Romania’s president recalls 23 ambassadors. Envoys to US, Germany, Japan among those returning from posts

Romania’s president recalled 23 ambassadors on Monday who have completed their missions abroad, less than six months after more than two dozen top diplomats were brought back.

The sweeping changes prompted speculation that President Klaus Iohannis, who’s in charge of Romania’s foreign policy and names ambassadors, wants fresh blood in the diplomatic corps and to free the foreign ministry from the political influence of previous years.

Romania’s ambassador to Washington, George Maior and the top diplomat to Germany, Emil Hurezeanu were the highest-profile names on decrees signed by the president on Monday. Both were personal appointees and allies of the president, particularly Mr Hurezeanu.

The mass recall was not done for overt political reasons, as was the case when Bucharest recalled its ambassador to Belarus in October 2020 in solidarity with Lithuania and Poland, amid continued tensions after Minsk’s disputed presidential election.

Mr Maior has been Bucharest’s ambassador to Washington since 2015, considered the top post for Romanian diplomacy. Romania has a strategic partnership with the U.S. and close security, political and military ties.

An ally of Romania’s pro-Western centrist president, Mr. Maior, 53, is author of “America’s First Spy: The Tragic Heroism of Frank Wisner.”

Before that, he was a Senator for the Social Democratic Party and later appointed chief of the Romanian Intelligence Service from October 2006 to January 2015.

The envoy to Berlin, Mr Hurezeanu, is a highly respected and well-known journalist and intellectual. Like the president, he comes from the central city of Sibiu.

Mr Hurezeanu, 65, became ambassador to Berlin in 2015 and has played a key role developing economic and cultural ties in almost six years he spent in office. Germany is Romania’s top trading partner and business has increased in recent years.

 Under the presidency of Mr.
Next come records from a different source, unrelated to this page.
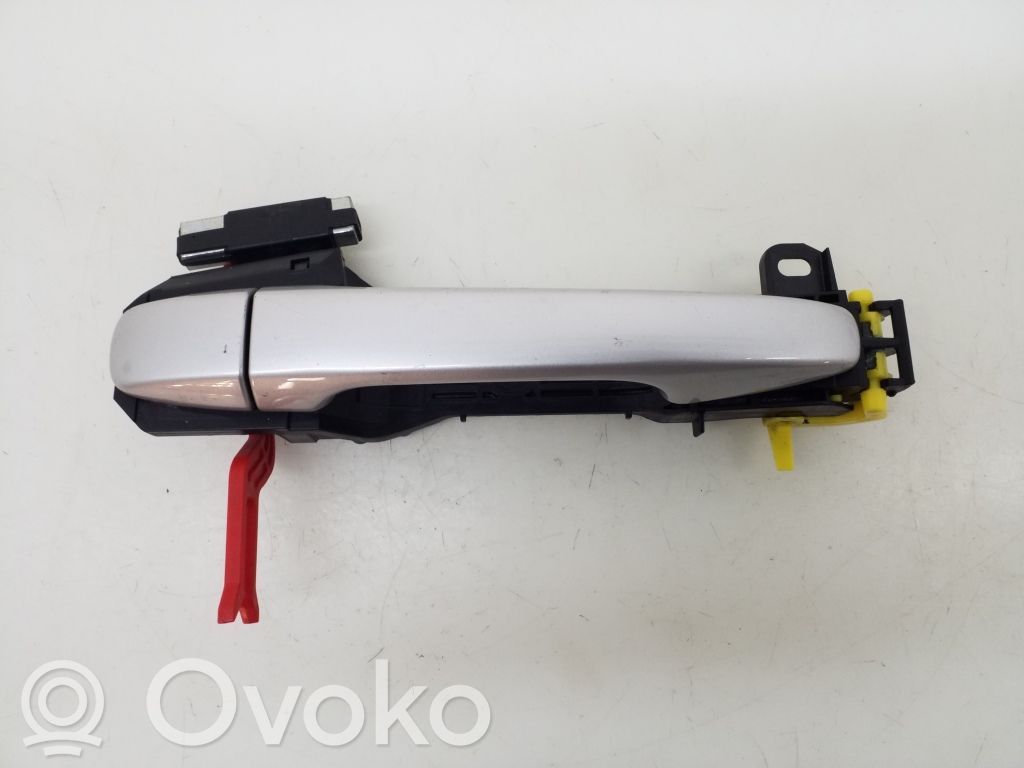 Toyota Verso Manecilla externa puerta trasera 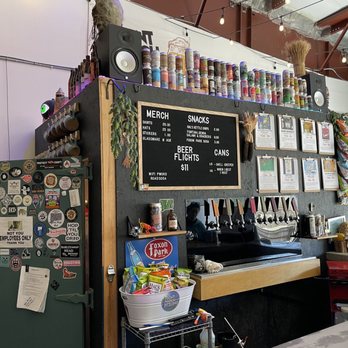 Front Porch Brewing - What's on tap? - Breweries Near Me - Wallingford, Connecticut
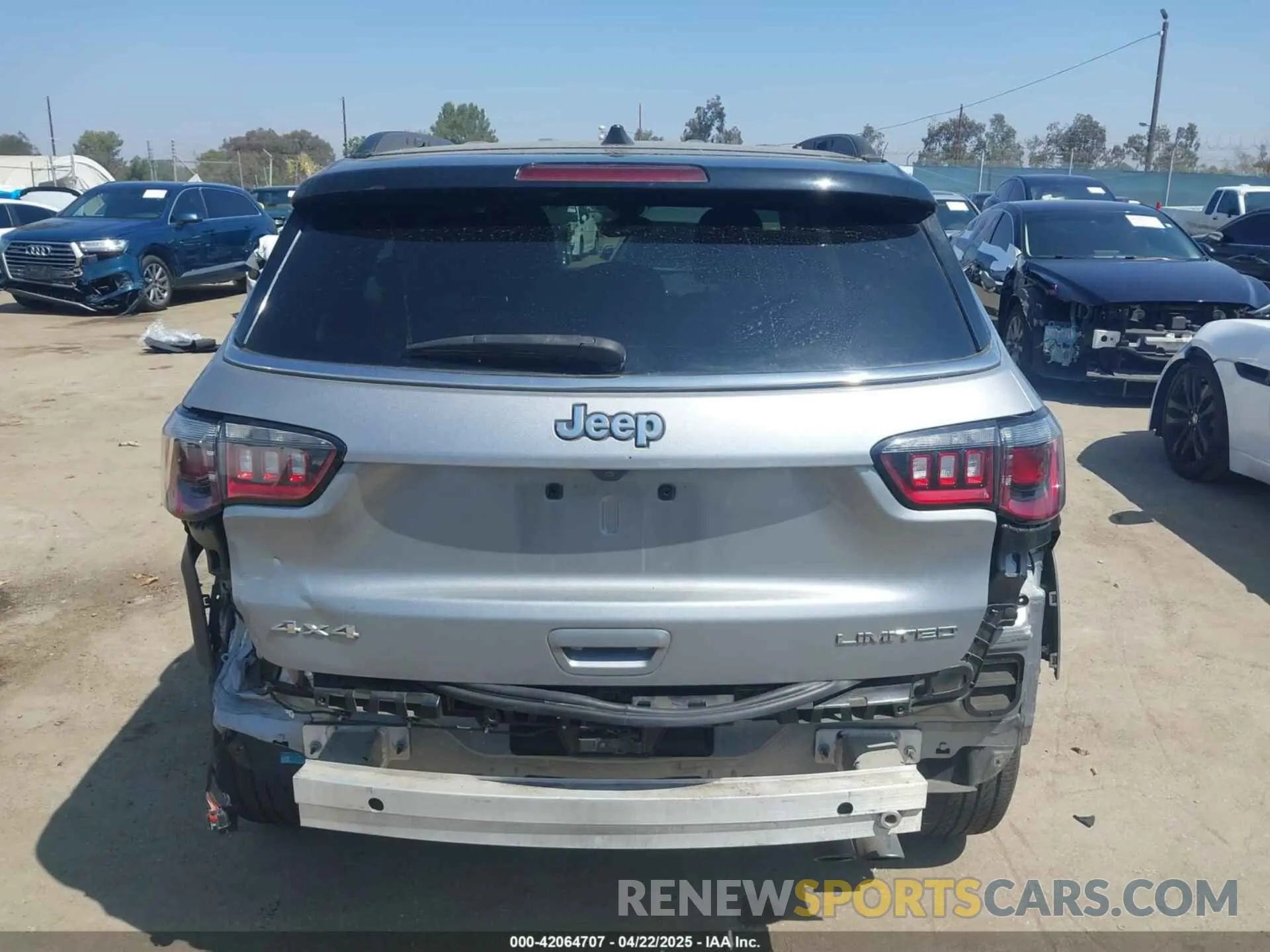 17 Photograph of a damaged car 3C4NJDCB8MT595535 JEEP COMPASS 2021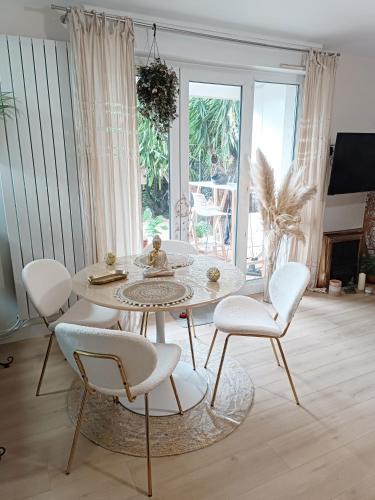 Lattes Apartment | Appartement REZ DE JARDIN avec SPA entre la MER et Montpellier 10mn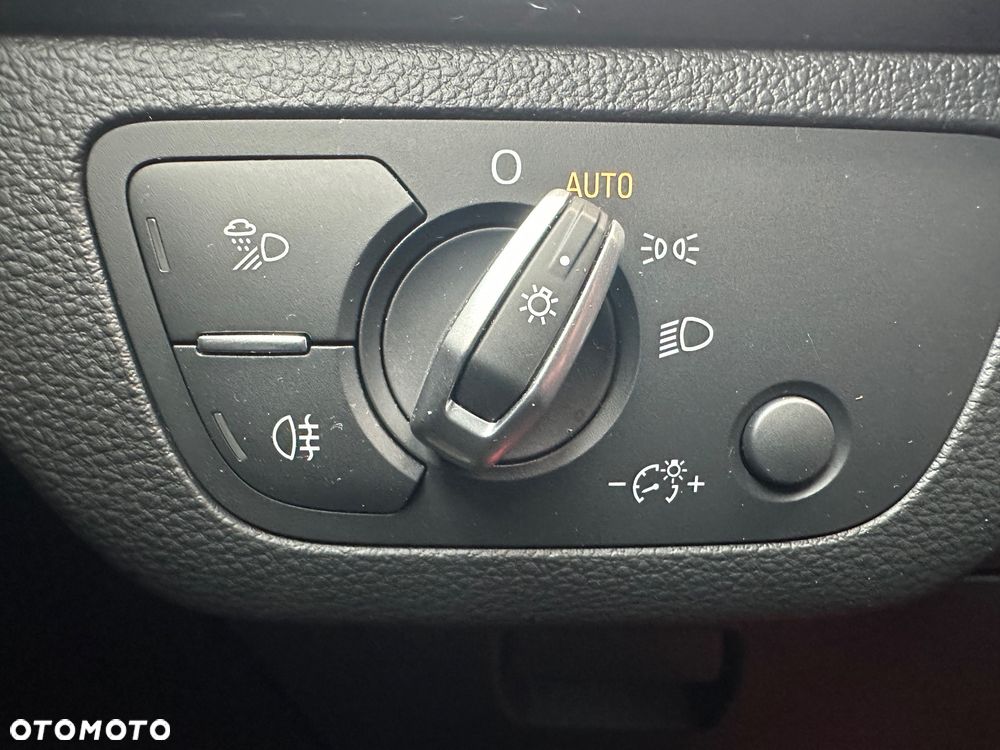 Audi Q5 2.0 TFSI Quattro S tronic design - 17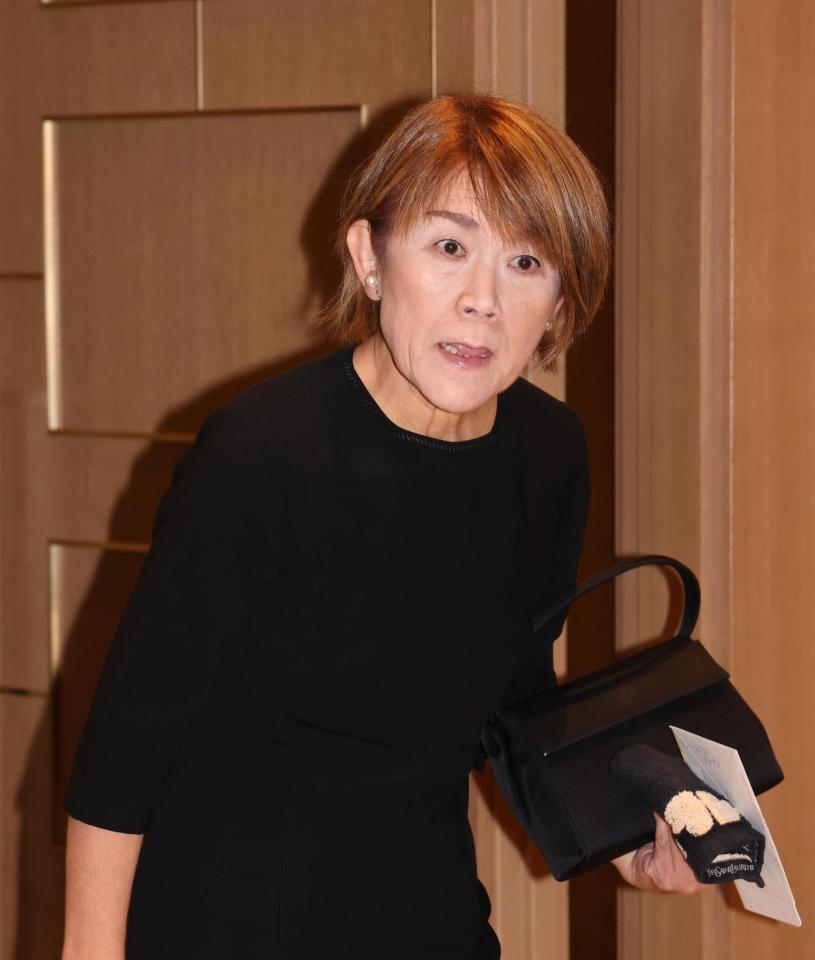 　偲ぶ会に出席した山田邦子（撮影・佐々木彰尚）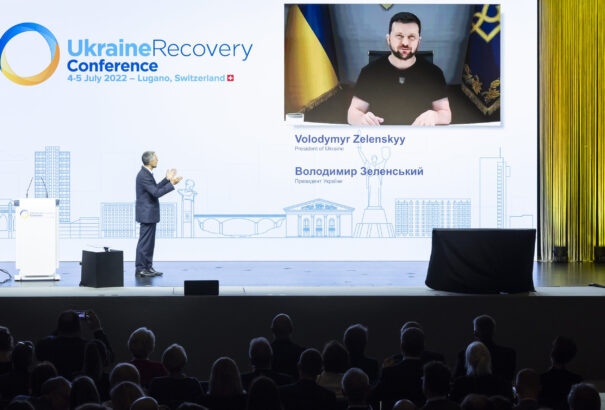 Zelenszkij: Ukrajna újjáépítése az egész demokratikus világ közös feladata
Iohannis, who belongs to the small ethnic German community in Transylvania, Berlin has become focus of Romania’s foreign policy in Europe.

Last year, after hundreds of seasonal workers from Romania caught the coronavirus in German slaughterhouses, exposing poor living conditions and their precarious legal situation, Mr Hurezeanu was involved in a major change of German labor law. A new bill requires companies to directly employ any workers involved in slaughtering and meat processing starting last month.

As ambassador, he attended a meeting with senior officials from the German Interior and Agriculture ministries to discuss the bill which he called it „a radical change” in the law.

„We were the co-authors,” he told Radio Free Europe.  „It was built on our suffering.”

Mr. Hurezeanu worked for the Romanian department of Radio Free European Munich  from 1983 to 1994, including a brief stint as director and then studied political science at the University of Virginia. He also worked as director of the Romanian section of  Deutsche Welle from 1995 to 2002.

He returned to Romania and held senior positions in the media, including director of the Realitatea-Catavencu trust from 2009 to 2010.

He is author of several fiction and non-fiction books.

The president who appoints ambassadors, recalled  26 of them in September 2020, including the ambassador to Britain, Dan Mihalache who’s now Romania’s envoy to Cyprus and the Adrian Cioroianu, a former foreign minister who headed Romania’s mission to  UNESCO.

Ambassadors to Austria, Switzerland, Poland, Japan, Cuba and a number of Caribbean islands and Brazil were among the top diplomats recalled Monday.